→ WHAT YOU NEED TO DO
Would you return all of this data exactly, leaving nothing out?

→ DATA SHOWN
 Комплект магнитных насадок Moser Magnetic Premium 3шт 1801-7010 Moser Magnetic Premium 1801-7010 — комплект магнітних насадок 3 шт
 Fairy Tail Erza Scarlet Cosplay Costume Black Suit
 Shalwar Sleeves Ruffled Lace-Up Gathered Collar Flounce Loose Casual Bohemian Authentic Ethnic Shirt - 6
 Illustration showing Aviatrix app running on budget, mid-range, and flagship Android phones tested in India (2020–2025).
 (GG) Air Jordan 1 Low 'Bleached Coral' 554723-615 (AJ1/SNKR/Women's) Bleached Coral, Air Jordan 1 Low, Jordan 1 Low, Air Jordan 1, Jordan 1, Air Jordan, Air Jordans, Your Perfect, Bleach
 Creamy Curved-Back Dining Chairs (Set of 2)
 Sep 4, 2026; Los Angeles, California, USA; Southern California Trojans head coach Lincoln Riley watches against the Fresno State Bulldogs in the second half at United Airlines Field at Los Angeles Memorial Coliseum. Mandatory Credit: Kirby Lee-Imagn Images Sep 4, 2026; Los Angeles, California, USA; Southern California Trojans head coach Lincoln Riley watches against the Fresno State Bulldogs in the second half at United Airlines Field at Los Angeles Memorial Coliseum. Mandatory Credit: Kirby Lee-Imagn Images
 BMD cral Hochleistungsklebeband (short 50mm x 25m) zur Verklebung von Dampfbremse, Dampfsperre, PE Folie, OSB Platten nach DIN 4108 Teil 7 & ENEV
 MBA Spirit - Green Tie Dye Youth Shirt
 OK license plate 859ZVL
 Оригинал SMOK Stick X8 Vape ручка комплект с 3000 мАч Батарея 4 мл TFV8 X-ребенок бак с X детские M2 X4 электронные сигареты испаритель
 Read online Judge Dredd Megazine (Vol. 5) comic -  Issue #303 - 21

→ WRITTEN REPLY
 Комплект магнитных насадок Moser Magnetic Premium 3шт 1801-7010 Moser Magnetic Premium 1801-7010 — комплект магнітних насадок 3 шт
 Fairy Tail Erza Scarlet Cosplay Costume Black Suit
 Shalwar Sleeves Ruffled Lace-Up Gathered Collar Flounce Loose Casual Bohemian Authentic Ethnic Shirt - 6
 Illustration showing Aviatrix app running on budget, mid-range, and flagship Android phones tested in India (2020–2025).
 (GG) Air Jordan 1 Low 'Bleached Coral' 554723-615 (AJ1/SNKR/Women's) Bleached Coral, Air Jordan 1 Low, Jordan 1 Low, Air Jordan 1, Jordan 1, Air Jordan, Air Jordans, Your Perfect, Bleach
 Creamy Curved-Back Dining Chairs (Set of 2)
 Sep 4, 2026; Los Angeles, California, USA; Southern California Trojans head coach Lincoln Riley watches against the Fresno State Bulldogs in the second half at United Airlines Field at Los Angeles Memorial Coliseum. Mandatory Credit: Kirby Lee-Imagn Images Sep 4, 2026; Los Angeles, California, USA; Southern California Trojans head coach Lincoln Riley watches against the Fresno State Bulldogs in the second half at United Airlines Field at Los Angeles Memorial Coliseum. Mandatory Credit: Kirby Lee-Imagn Images
 BMD cral Hochleistungsklebeband (short 50mm x 25m) zur Verklebung von Dampfbremse, Dampfsperre, PE Folie, OSB Platten nach DIN 4108 Teil 7 & ENEV
 MBA Spirit - Green Tie Dye Youth Shirt
 OK license plate 859ZVL
 Оригинал SMOK Stick X8 Vape ручка комплект с 3000 мАч Батарея 4 мл TFV8 X-ребенок бак с X детские M2 X4 электронные сигареты испаритель
 Read online Judge Dredd Megazine (Vol. 5) comic -  Issue #303 - 21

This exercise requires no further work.